> Exercise instructions
Beginning with the line where "Nou ciutadans i" appears, restate each line word for word until the data ends. Pictures do not go in.

> Records to process
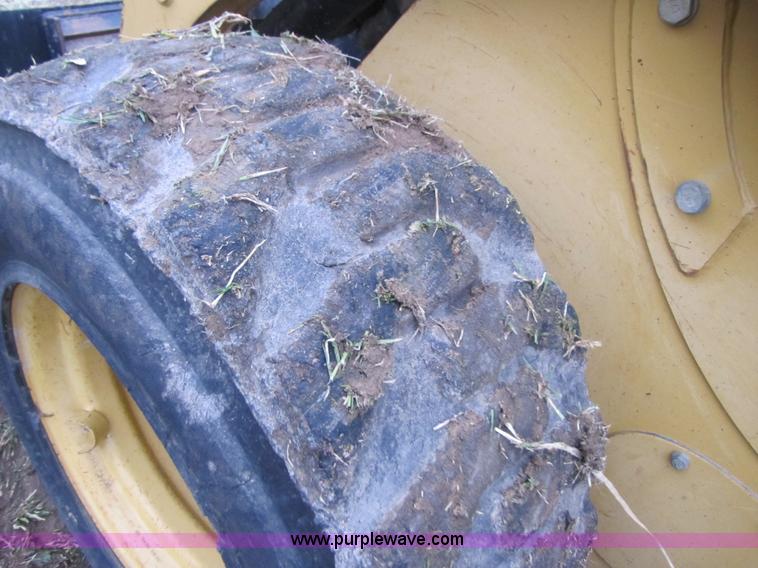 image for item B6192 2003 Caterpillar 236 skid steer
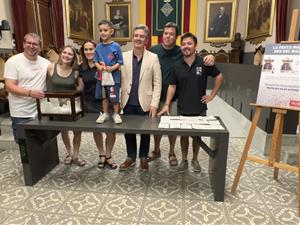 Nou ciutadans i ciutadanes viuran la Festa Major de Vilafranca des del balcó de la Casa de la Vila. Ajuntament de Vilafranca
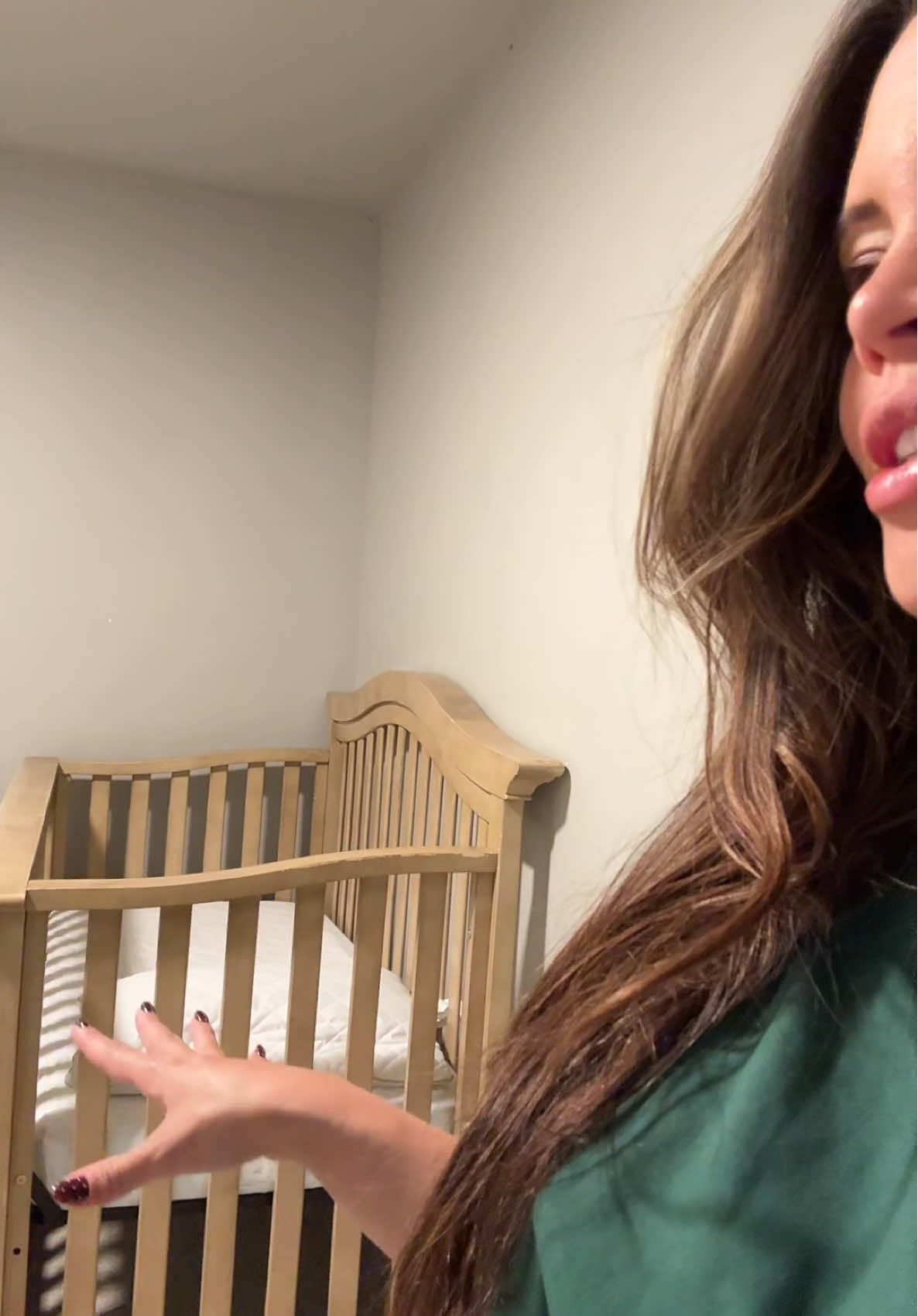 I love how I wasn’t nesting AT all— until I turned 30 weeks and BAM. It’s all at once hahahah #30weekspregnant #pregnantlife #3rdtrimester #nesting 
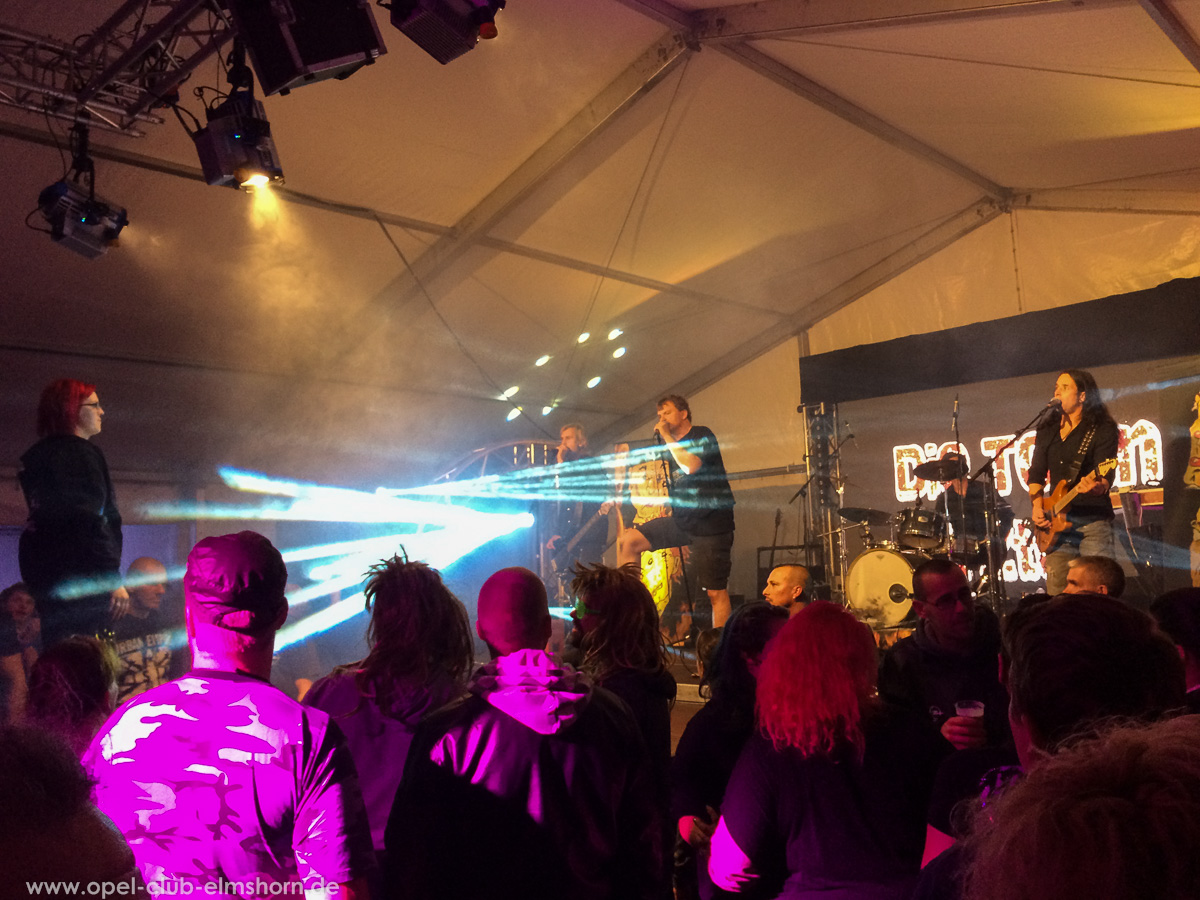 Boltenhagen-2015-0273-Die-Toten-aerzte-Konzert-im-Festzelt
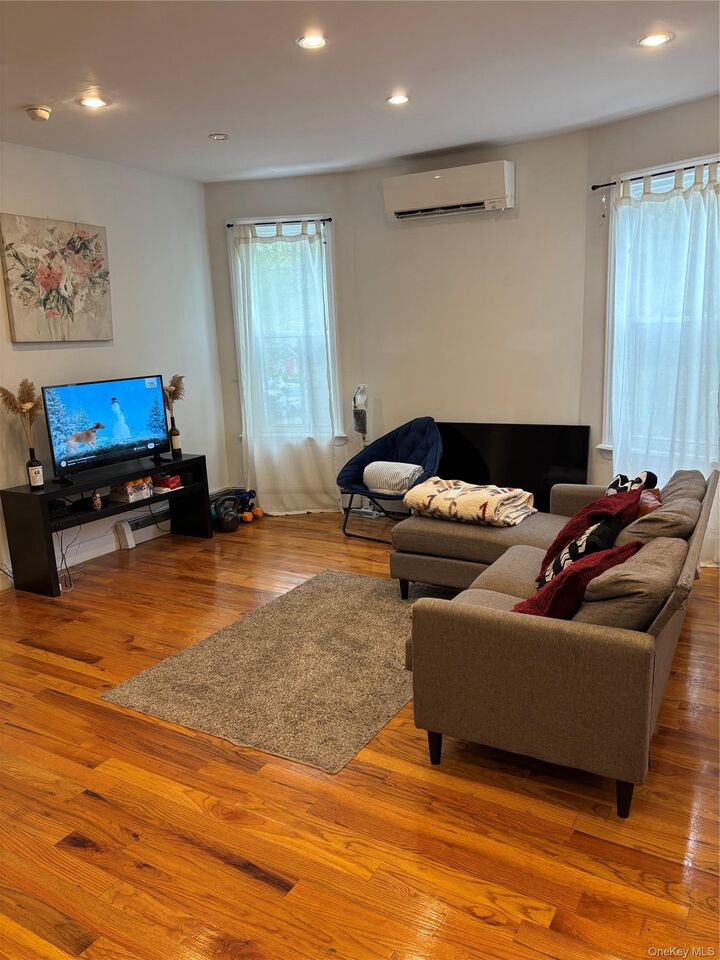 Property Photo: 2866 Dudley Avenue Unit 1 NY 10461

> Reply
 Nou ciutadans i ciutadanes viuran la Festa Major de Vilafranca des del balcó de la Casa de la Vila. Ajuntament de Vilafranca
 I love how I wasn’t nesting AT all— until I turned 30 weeks and BAM. It’s all at once hahahah #30weekspregnant #pregnantlife #3rdtrimester #nesting 
 Boltenhagen-2015-0273-Die-Toten-aerzte-Konzert-im-Festzelt
 Property Photo: 2866 Dudley Avenue Unit 1 NY 10461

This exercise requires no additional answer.